Lesson #3: A Contentious Presidential Election Does Not Necessarily Portend a Stock Market Decline
Please note that I intend to avoid all discussion of politics and political ideology in this lesson. That being said – I, for one, am thankful that last year’s election cycle has concluded. The political ads have ceased, signs in the front yards have been taken down and the incessant election coverage by the media outlets has subsided.
Furthermore, the anxiety that my clients experienced during the election cycle has (somewhat) dissipated. I don’t think the readers of this blog will be surprised when I state that I shared conversations with MANY clients and retirement plan participants who intended to alter their long-term investment strategies in 4Q 2020 because of the presidential election. These individuals are of varying political affiliations and demographic associations; however, they all shared a similar attribute: fear of an impending crisis during or immediately following the presidential election. The turmoil that followed the election validated their fears (to some extent); however, the stock market did not plummet and the decision to shift to an ultra-conservative stance during 4Q 2020 proved to be unjustified.

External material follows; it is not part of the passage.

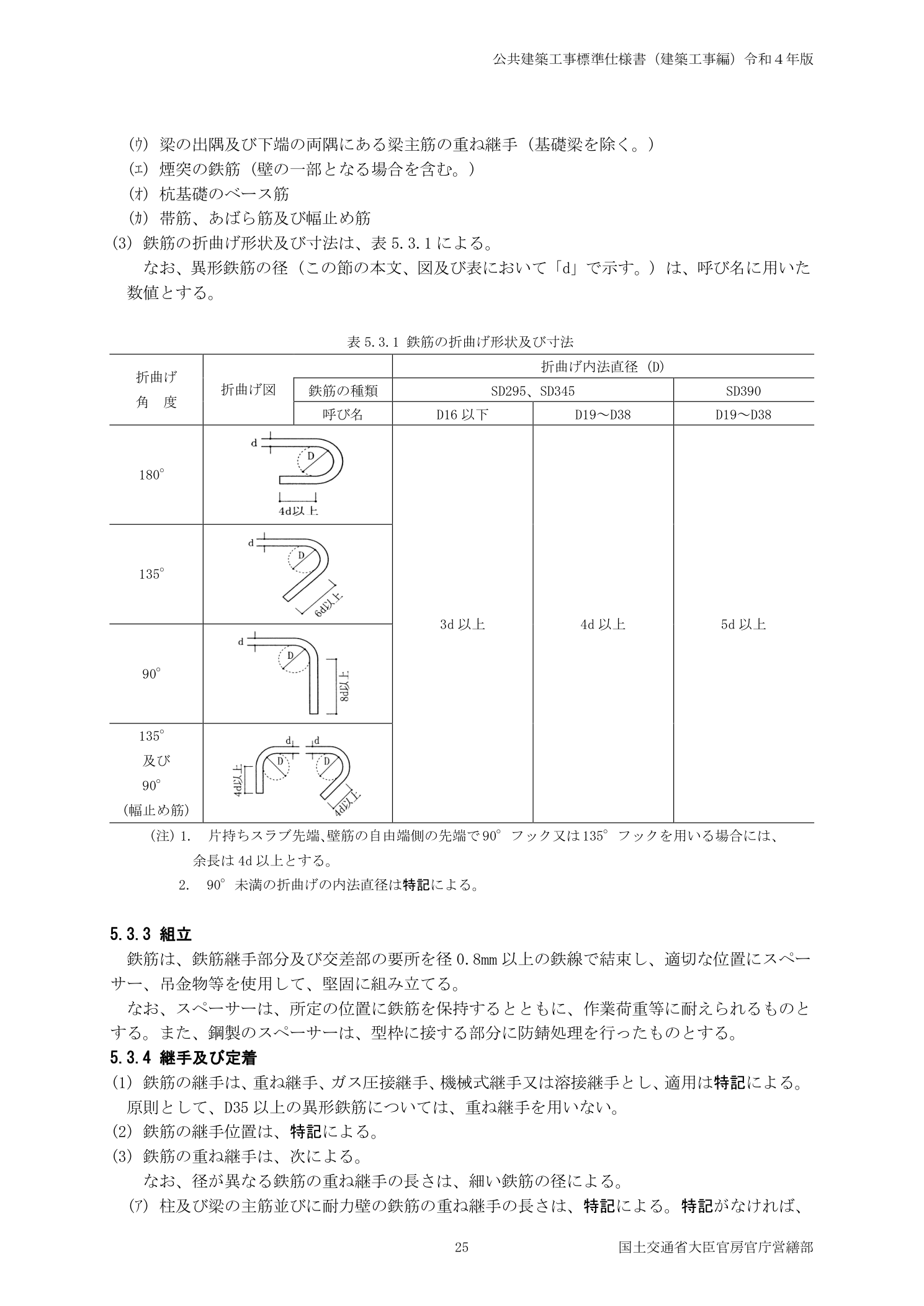 公共建築工事標準仕様書 表5.3.1 鉄筋の曲げ形状及び寸法 フック余長の最小寸法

The stock market surged by 10.9% in the TWO WEEKS immediately following the 2020 U. S. presidential election. The surge was not necessarily directly correlated to the election (Pfizer announced a resoundingly successful vaccine trial on November 9, 2020 and the stock market reacted very favorably to the news). Unfortunately, many investors did not participate in the rally because their fears about a short-term event (the election) informed their decisions about their long-term objectives (for instance, retirement).
A similar behavior pattern occurred during the presidential election cycle in 2016. Investors were fearful of a market disruption on or around Election Day. Additional anxiety ensued after Donald Trump’s surprise upset of Hillary Clinton. Many investors took evasive action and exited the stock market following the 2016 election and the market responded with a significant rally (+21.8%) in 2017.
Please note that the lessons referenced above do not assert that negative events will never occur or should not be considered in your long-term financial plans. On the contrary: these lessons encourage us to ASSUME that disruptions will not only occur but are virtually inevitable. How we react (or in most instances DON’T react) to unknowable and uncontrollable experiences and events is a primary contributor to success of a financial plan.
That is not to say that you cannot exert any influence on the achievement of your financial planning objectives. Try to control the controllable elements of your plan:
- Establish healthy behavioral finance habits like operating a functioning budget, avoiding excessive debt and actively participating in the financial planning process.
- Partner with a professional advisor to help you navigate decisions that would otherwise be governed by emotions and reactionism.
- Avoid allowing the media (especially social media) to inform your decision-making process.
- Establish a written financial plan to add structure to your objectives.
- Carefully examine the costs, risks and taxation associated with the portfolio of investments that you rely upon to achieve your objectives.
2020 ambushed us and most people are glad to have turned the calendar to 2021. Let us at least benefit from the lessons that were learned from last year’s struggles.